Before diving into the small print of Bluetooth Low Energy, it is essential for us to understand the meaning and dealing of Bluetooth. The Bluetooth specifications specify the technical components developers utilize to build the interoperable devices that structure the thriving Bluetooth ecosystem.

Watch our video on Know Everything About Bluetooth Low Energy Technology below👇

The Bluetooth Special Interest Group (SIG) oversees Bluetooth specifications, which are updated and improved daily by Bluetooth SIG Working Groups to satisfy changing technology and market needs.

Most people associate Bluetooth with a wireless headset or another gadget that connects you to the information you are transmitting. Bluetooth is a wireless connection between your phone and the device to which you are linked. This mechanism allows data to be sent over small distances without using cables.

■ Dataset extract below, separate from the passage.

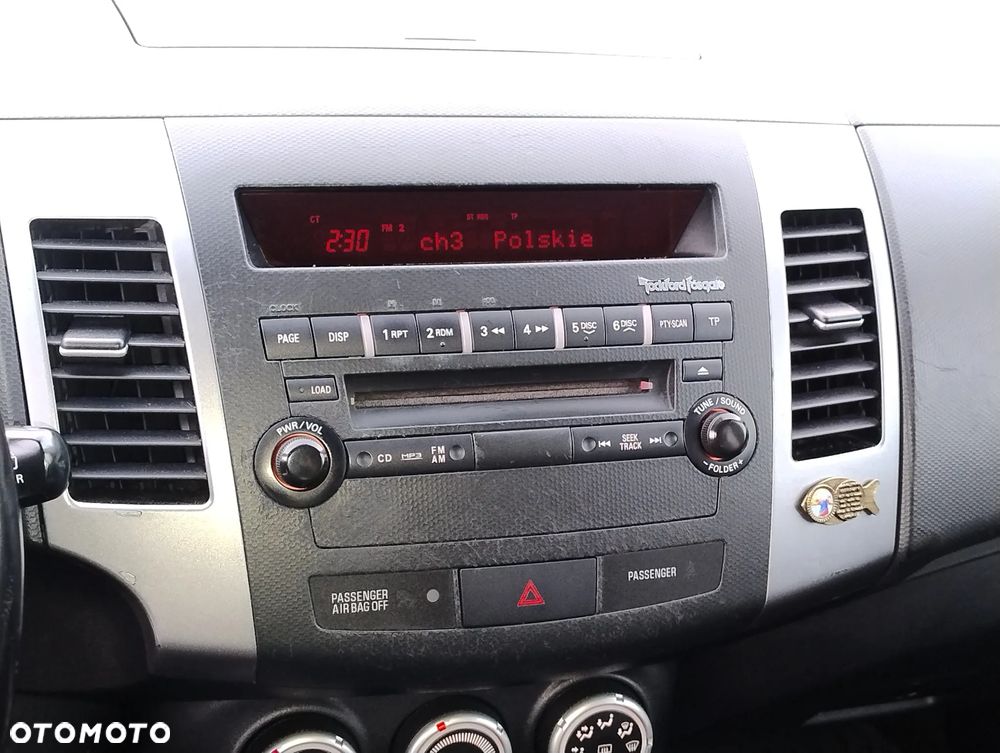 Mitsubishi Outlander - 12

What Is Bluetooth Low Energy?

Bluetooth gadgets are continually being developed and reinvented. Do you recall when Apple initially released AirPods? There are now various versions of this Bluetooth connectivity device, including innovations that help with battery life, which leads us to Bluetooth Low Energy.

BLE (Bluetooth Low Energy) is a type of wireless communication designed for short-range communication. Like Wi-Fi, BLE allows devices that are connected to interact with one another. 

BLE is designed for circumstances where battery life is more important than high data transfer speeds. Assume you would like to broadcast marketing campaigns within the vicinity of a just-introduced headset.

As the quantity of data and information you send to a visitor’s smartphone is minimal, BLE-enabled beacons can do the task fast and without exhausting the battery. 

Bluetooth Low Energy vs. Bluetooth Classic

  • Both are accustomed Connect the devices and Transferring the info for private and commercial use.
  • The main difference is how they’re distributing data for low-energy power.
  • Bluetooth classic is employed to transfer many data continuously but contains high power and more cost.
  • BLE transfers smaller packets of information over short periods of your time using low battery power.

Bluetooth Classic vs. Bluetooth Low Energy

Key Terms And Concepts

  1. Generic Attribute Profile (GATT) :
    The GATT profile could be a general specification for sending and receiving short pieces of information called “attributes” over a BLE link. GATT supports all current BLE app profiles.
  2. Generic Access Profile (GAP) :
    GAP is mandatory for BLE devices as it defines a framework for enabling device discovery, security, connectivity, and related network technologies. This defines the role that the Connection can implement.
  3. Profiles :
    Profiles can be specifications that show how the tool works in a particular application. Note that a tool can implement quite one profile. For example, a tool could contain a vital sign monitor and a battery level detector.
  4. Attribute Protocol (ATT) :
    GATT is made on top of the Attribute Protocol (ATT). ATT is optimized to run on BLE devices. Up to this point, use as few bytes as possible. Each attribute is uniquely identified by a Universally Unique Identifier (UUID). This can be in the standardized 128-bit format of the string identifier used to identify the information uniquely. The attributes transported by ATT are formatted as characteristics and services.
  5. Characteristic :
    The lowest level concept in GATT transactions is the Characteristic, which encapsulates one datum. Similar to Services, each Characteristic distinguishes itself via a pre-defined 16-bit or 128-bit UUID. Characteristics are the most point that you will interact with along with your BLE peripheral, so it is vital to grasp the concept. They also want to send data back to the BLE peripheral since you’re also ready to write to characteristics.
  6. Descriptor :
    Descriptors are defined attributes that describe a characteristic value.
    For example, a descriptor might specify a human-readable description, an appropriate range for a characteristic’s value, or a unit of measure specific to a characteristic’s value.
  7. Service :
    Services are accustomed to breaking data into logical entities and containing specific chunks of information called characteristics. A service can have one or more characteristics. Every service distinguishes itself from others using a singular numeric ID called a UUID, which may be either 16-bit or 128-bit.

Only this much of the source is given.